The Hitachi Group is sustained by highly developed monozukuri capabilities-our accumulated design and manufacturing know-how.
The e-Meister program is a tool for teaching this technical mastery, both in Japan and overseas, that is increasing efficiency of production and assuring high levels of product quality at our production centers.
The techniques carefully cultivated since our founding are the basis of Hitachi's monozukuri-designing, manufacturing, or repairing products-and the technical excellence that underpins the quality of our products.
Today, demographic changes in Japan have created concern that highly skilled technicians and instructors will soon be in short supply, just when a high degree of precision is required and production is shifting overseas.Creating a reliable way to transfer technical know-how has become urgent. At its core, teaching technical skills is about how to efficiently pass on intuitive "feel" and "the tricks of the trade" gained through deep experience.
To meet this need, since 2001, the Hitachi Group has been developing the e-Meister program: using information technologies to accurately record and pass on experienced workers' know-how to the next generation.
(left)Screen shot of instructions for brazing copper pipe
(middle)Screen shot showing a finishing technique called kisage
(right)Training new employees in China
e-Meister organizes the introduction of important skills using familiar media-video, still pictures, and sound-that convey information in an easy-to-understand way, not possible from reading a manual or description of procedures.
For example, brazing metal is divided into units: "Preparing the Tools," "Operating Instructions," "Work Procedures," "Job Know-How," and "Checking Your Work." After trainees select a topic, they see a video showing a skilled operator adjusting a welding-torch flame, the angle of the flame to the materials, etc. Many examples of common mistakes and acceptable results are shown, enabling a deep, practical understanding of the techniques.
By using e-Meister, differences in educational levels are evened out, training time is reduced, and exercise review and repetition is possible. Where e-Meister has been introduced, these benefits are increasing production efficiency and product quality.

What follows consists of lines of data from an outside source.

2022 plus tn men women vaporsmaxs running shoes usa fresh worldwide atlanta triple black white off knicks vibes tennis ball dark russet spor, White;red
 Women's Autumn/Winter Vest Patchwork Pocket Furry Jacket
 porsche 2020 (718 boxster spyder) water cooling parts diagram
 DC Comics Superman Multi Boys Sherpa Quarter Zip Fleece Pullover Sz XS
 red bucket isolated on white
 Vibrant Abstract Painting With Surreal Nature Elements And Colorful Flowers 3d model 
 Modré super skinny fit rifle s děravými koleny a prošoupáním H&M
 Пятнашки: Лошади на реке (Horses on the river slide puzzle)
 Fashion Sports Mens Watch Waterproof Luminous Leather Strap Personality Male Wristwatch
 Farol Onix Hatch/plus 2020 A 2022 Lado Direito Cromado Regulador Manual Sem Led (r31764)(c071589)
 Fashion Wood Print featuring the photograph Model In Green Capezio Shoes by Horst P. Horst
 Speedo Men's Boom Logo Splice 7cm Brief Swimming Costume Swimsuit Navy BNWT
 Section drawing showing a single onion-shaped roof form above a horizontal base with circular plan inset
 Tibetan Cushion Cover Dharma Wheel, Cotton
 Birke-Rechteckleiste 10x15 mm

English- and Chinese-language versions of e-Meister have been produced or overseas affiliates, not only in North America and China, but in Europe and the rest of Asia.
For example, in China's rapidly growing economy, more than 10 Hitachi Group companies use e-Meister. Because they are constantly hiring new employees, fast acquisition of skills is essential to ensure product quality and to meet deadlines. At the production centers where e-Meister is used, response has been positive: "Skills acquisition is easier, and employee morale has risen."
One important task is to expand the e-Meister program, especially toparts of Asia where other languages are spoken.
We are eager to introduce this program to organizations outside our company, such as government ministries and agencies, the Japan Management Association, the Japan Institute of Industrial Engineering, and other manufacturing groups, to contribute more broadly to disseminating Japanese manufacturing skills, as well as developing our own human resources.